That was enough to get the town excited, though it wasn’t satisfying for the team. Last year, Andrews started 5-0, including a win against eventual 1A West regional champion Mitchell, before losing four out of its last six to end the year, with all four losses coming by a combined 29 points.
At the end of every season, after having a final meeting with the current seniors, Phillips immediately brings in the juniors to talk about goals for next year. After traveling four plus hours one way on a bus in playoff losses the previous two seasons, the goal was simple. Get as many home games as possible.
To do that, they knew it would take a conference championship, and possibly an undefeated regular season. It’s where their motto – “clean the table” – was born.
“We don’t want to have no mistakes like last year,” Isaac Weaver said. “Last year we had one more year, this year’s our last year and we’re done.”
That fueled their entire offseason, starting in the weight room. Summer workout participation was as high as it has been in Phillips’ seven years as head coach.
“Everybody knew that we had ultimately one goal,”
Bateman said. “And it shows the commitment to the goals we had. Everybody and the underclassmen were committed. Because we knew what goals we had set for ourselves and our team.”
It didn’t take long for the Wildcats to know they could have a potentially special season. After three dominant wins to start the year against subpar competition, Andrews traveled to Mitchell and beat the Mountaineers 44-27. It was the seniors’ first big road win, and after that they knew they could chase any goal they set.
The Wildcats’ 13 wins this year were by an average of 34.8 points per game. Most opponents have had hope at the start of a game and sometimes through a quarter before Andrews begins to impose its will.
With a perfect season came superstitions. The same lifts during the week. The same drills every two weeks at practice. The same pre-game dance party, with Jay-Z’s “Run This Town” blasting over a speaker. DJ Khaled’s “All I Do Is Win” is a must after the game, as well as Jamie Martin’s dancing.
“He ain’t a dancer,” Bateman said. “But I guess we’re just so excited we think he’s good.”
However, that’s nothing compared to Tatham’s
commitment to keeping the perfect season alive. He went to the same restaurants on the same day of the week, took the same route to get there and has to have the same amount of gas in his tank each time. Fill up at different stations? No, it had to be the Solo gas station in Marble. And only $5 at a time. Cash.
“On Mondays, it’s Mexican,” Tatham said. “On Tuesdays, I just drive to Robbinsville, North Carolina. On Wednesday, it’s Mariolino’s. Then on Thursday, it’s the casino.”
‘Having fun’ comes to end
Throughout the lead-up to this season, Phillips reminded his seniors that the season is like an hourglass.
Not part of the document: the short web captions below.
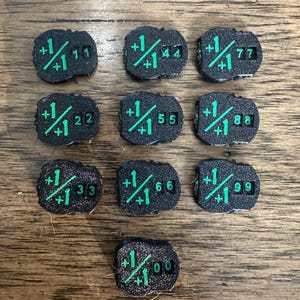 May include: Ten black, textured, rounded tokens featuring a bright green printed graphic of a plus one over plus one symbol and two-digit numbers ranging from 11, 22, 33, 44, 55, 66, 77, 88, 99, to 00, arranged in a grid pattern on a wooden surface.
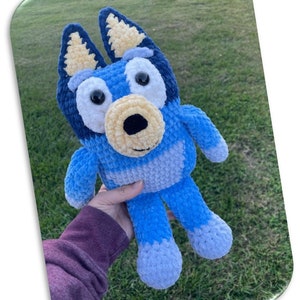 May include: A blue and yellow crocheted stuffed toy resembling a dog. The toy has large, round eyes and a friendly expression.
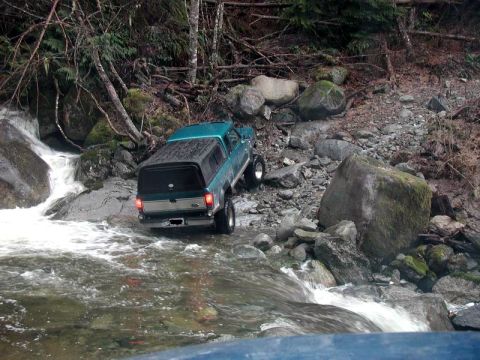 1985 Ford Bronco - A teal Ford Bronco is navigating a rocky stream bed with a waterfall to its left. The truck is equipped with a camper shell and appears to…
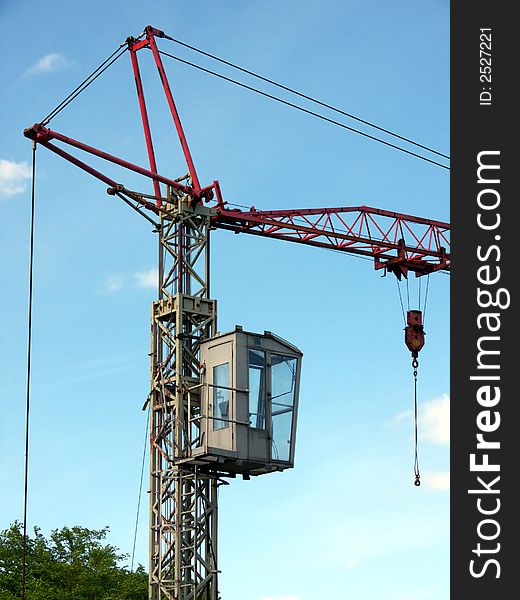 Portrait of old mobile crane at construction site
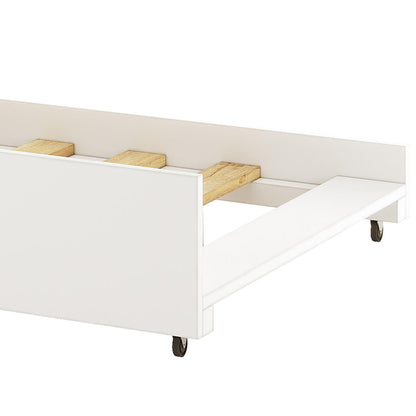 Narell Single Solid Wood Pull-Out Trundle Bed in White, featuring a rectangular wooden frame with caster wheels and wooden slats for mattress support, ideal for maximizing sleeping space efficiently.
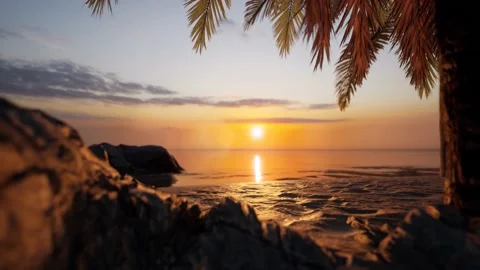 Experience the Ultimate Beach Getaway with Stunning Sunrise Views Stock Footage 234309637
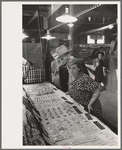 Man and woman looking at display of cheap jewelry, state fair, Donaldsonville, Louisiana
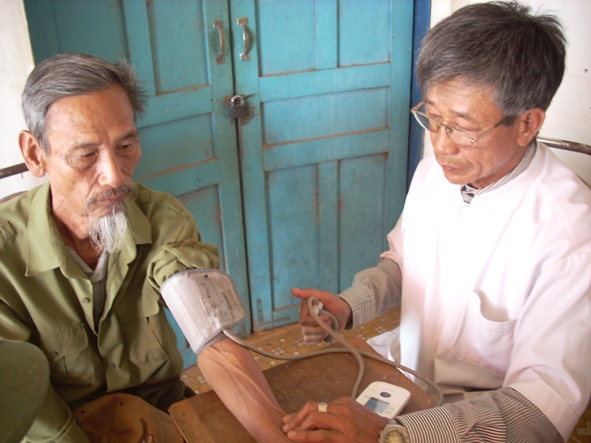 Lương y Hoàng Văn Cường (phải)  đang khám cho bệnh nhân.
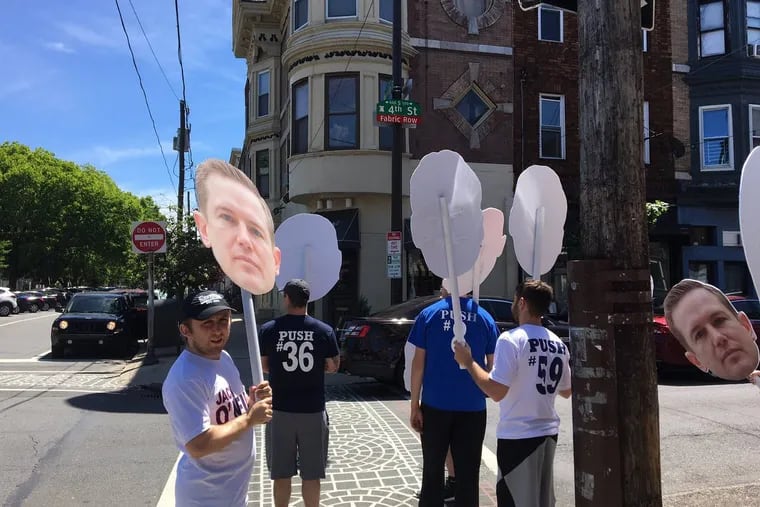 Local 98 members stand outside the Famous 4th Street Deli on primary election day, greeting Jack O’Neill with signs of support, including their trademark big-head posters.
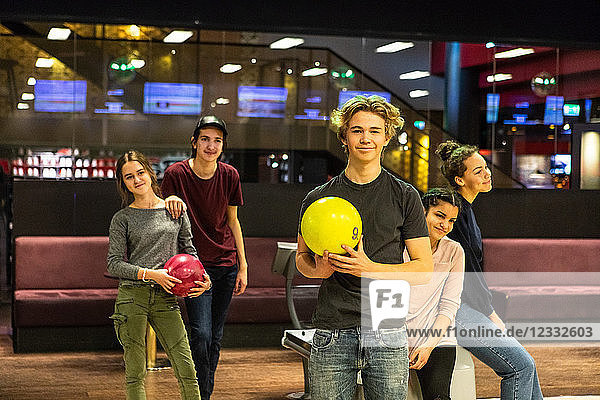 Portrait of smiling teenage boy holding ball while standing against friends at bowling alley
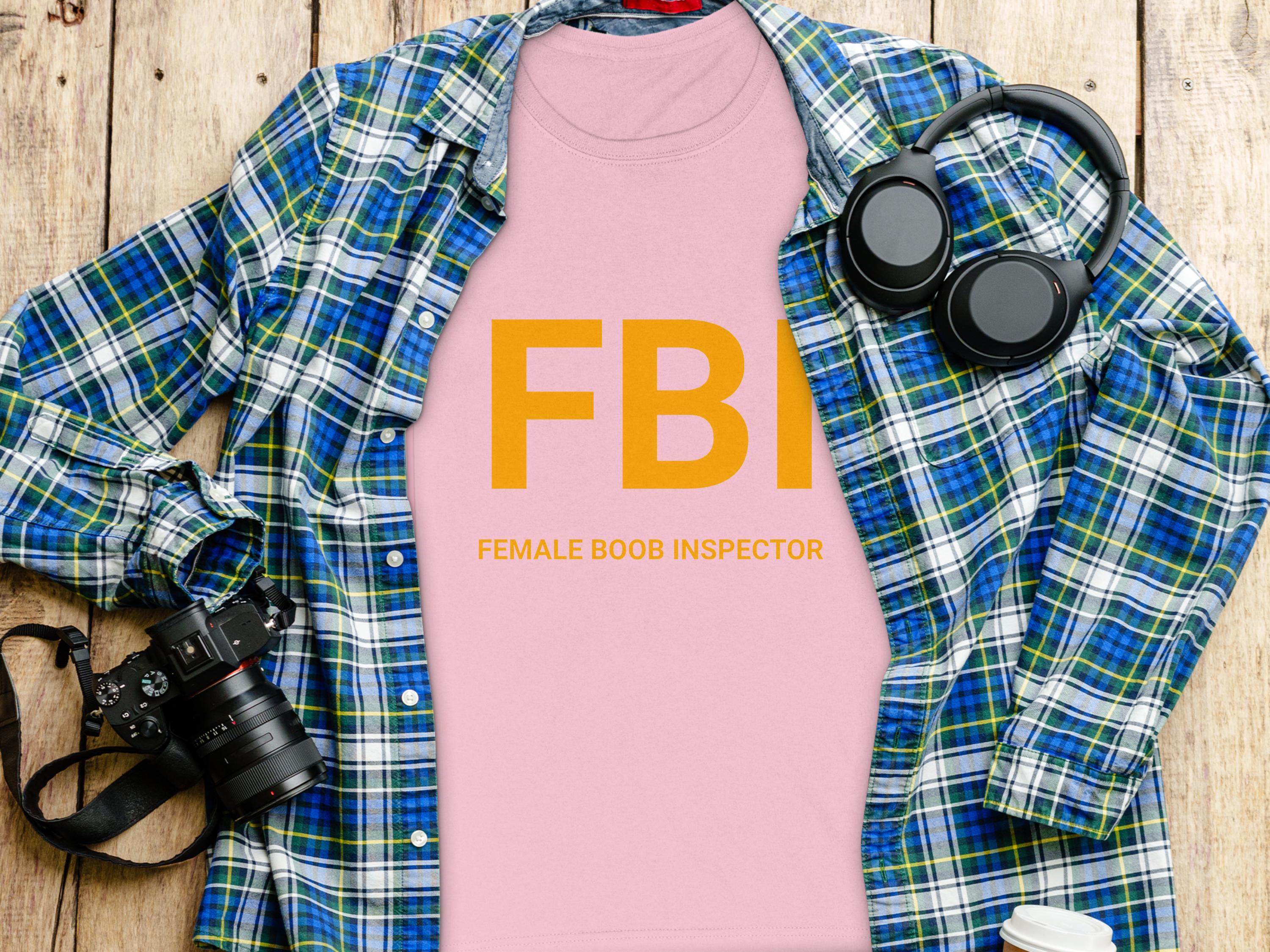Garment Graphics pink FBI Female Boob Inspector gag gift T-shirt in womens sizing is placed over a blue and green plaid shirt, with headphones, a camera, a white cup, and a black smartphone nearby on the wooden surface.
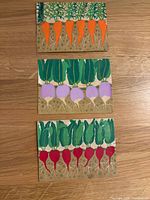 Three vegetable silk-screen cards on wood surface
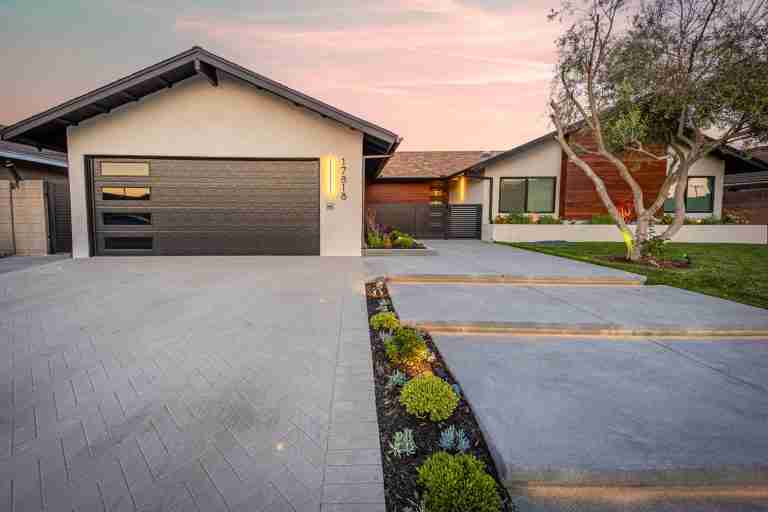 Modern home with a sleek driveway and landscaped yard in Fountain Valley, CA.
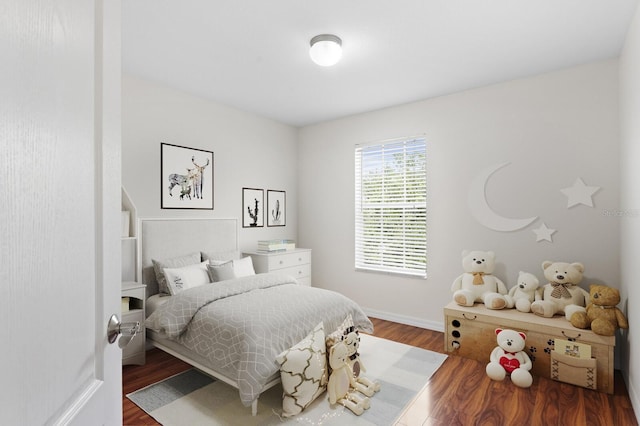 20123 Bay Cedar Ave, Tampa, FL 33647 - bedroom featuring baseboards and wood finished floors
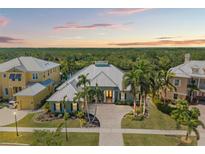 Stunning home with metal roof, lush landscaping, and a picturesque view of the surrounding natural environment at dusk at 819 Islebay Dr, Apollo Beach, FL 33572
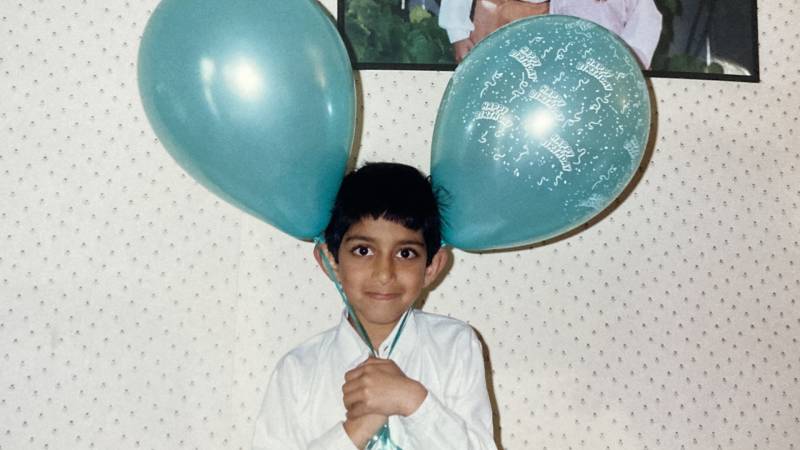 Young Indian boy looks straight into the camera while holding two light blue baloons that are larger than his head.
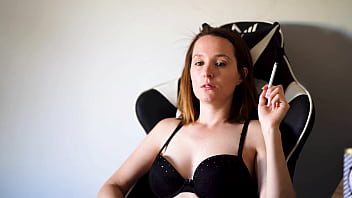 Busty brunette smoking in black bra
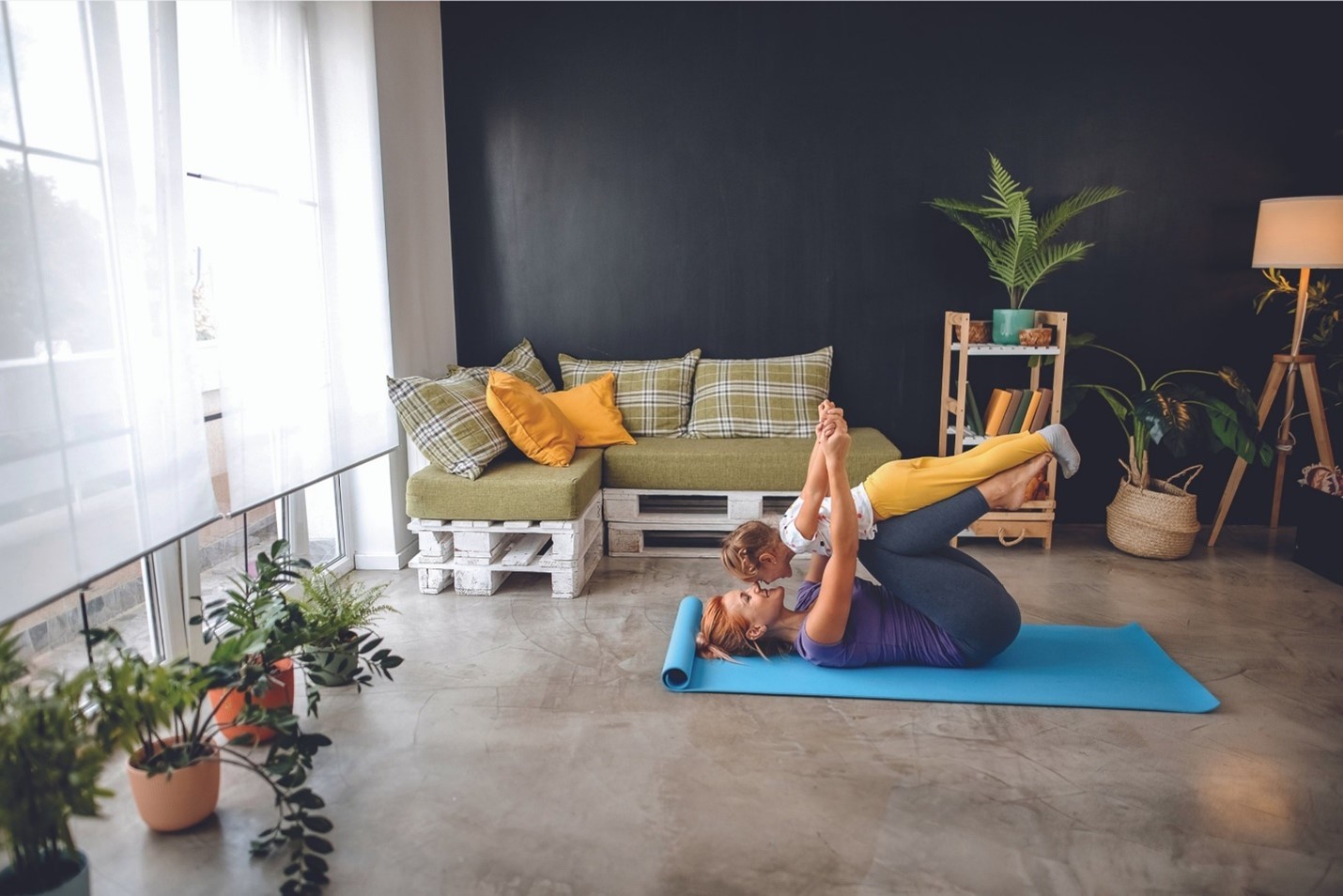 A person and child on a radiant heat floor mat in a room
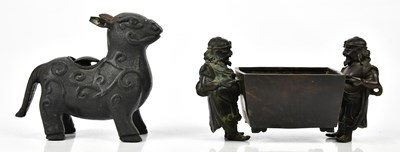 Lot 1133 - A Chinese bronze figural bowl with central...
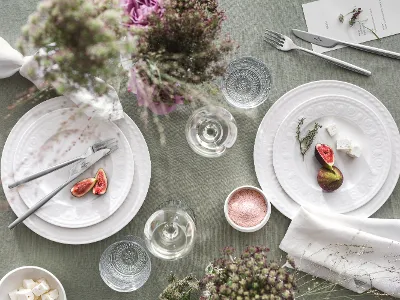 Cellini dinnerware for 2 people on a set table Cellini plates from Villeroy & Boch with figs, cheese, and herbs are set on a beautifully set table. Glasses, flatware, delicate flower arrangements, and a bowl of salt on a green tablecloth complete the ambience.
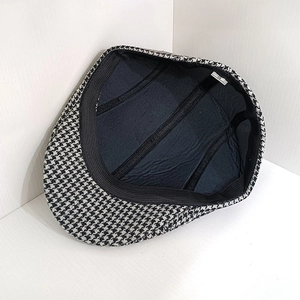 Detail of herringbone flat cap interior with black lining and size 58 label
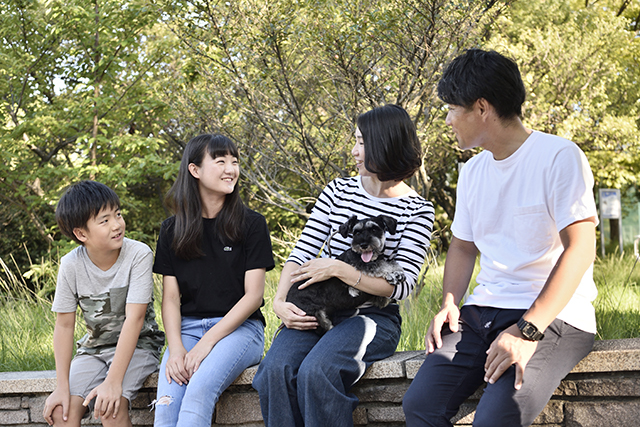 緑の多い公園で愛犬と過ごす、S様ファミリー。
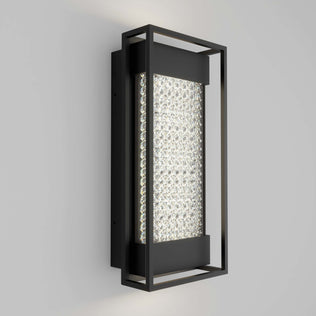 The Artika Glam indoor-outdoor LED wall light features a black metal frame and textured illuminated glass center, creating a modern look on any light gray wall.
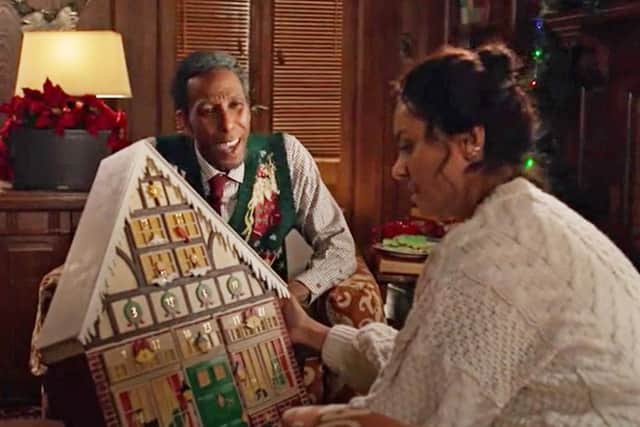 Gramps, played by Ron Cephas Jones, presents the antique Advent calendar to his granddaughter Abby Sutton, played by Kat Graham, in The Holiday Calendar.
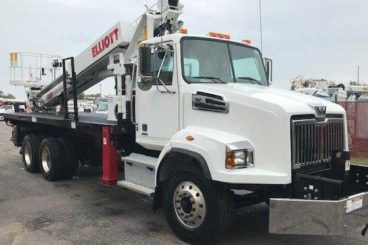 Purpose-built Western Star 4700, Elliott G85, 85 ft working height, 20 ft flatbed with storage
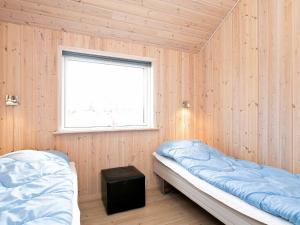 a room with two beds and a window at Luxury Retreat with Spa - By Traum Ferienwohnungen in Millinge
Once it starts, certain milestones come up faster than you expect, so make the most of it.
The Wildcats kept their hourglass running longer than most teams, but it ran out last Friday night in a 42-21 fourth-round loss to Draughn. When the buzzer sounded, the crushing reality hit that the decade-long journey of playing with their best friends had come to an end.
After a tear-filled final team huddle, Bateman gathered the seniors for their own private huddle. He told them he loved every moment he had with them, and he wouldn’t do anything differently. As players, coaches and family eventually walked off the field, the seniors all sat on the Wildcat logo at midfield, trying to delay taking off their Andrews jersey for the last time.
In the team’s final postgame huddle, Phillips talked about how this senior class were cornerstones, allowing him to finish the foundation and set the standard going forward for the Andrews program. And while this year’s seniors will remember that, they’ll remember more that they went through it together.
From the torture of youth practices, to running through the banner on Friday night, to spending as much time on the field after the final game as they could, just so it didn’t have to end.
“Just having fun with people, having fun with our teammates and coaches out here,” Austin Martin said. “That’s going to be the hardest part to miss.”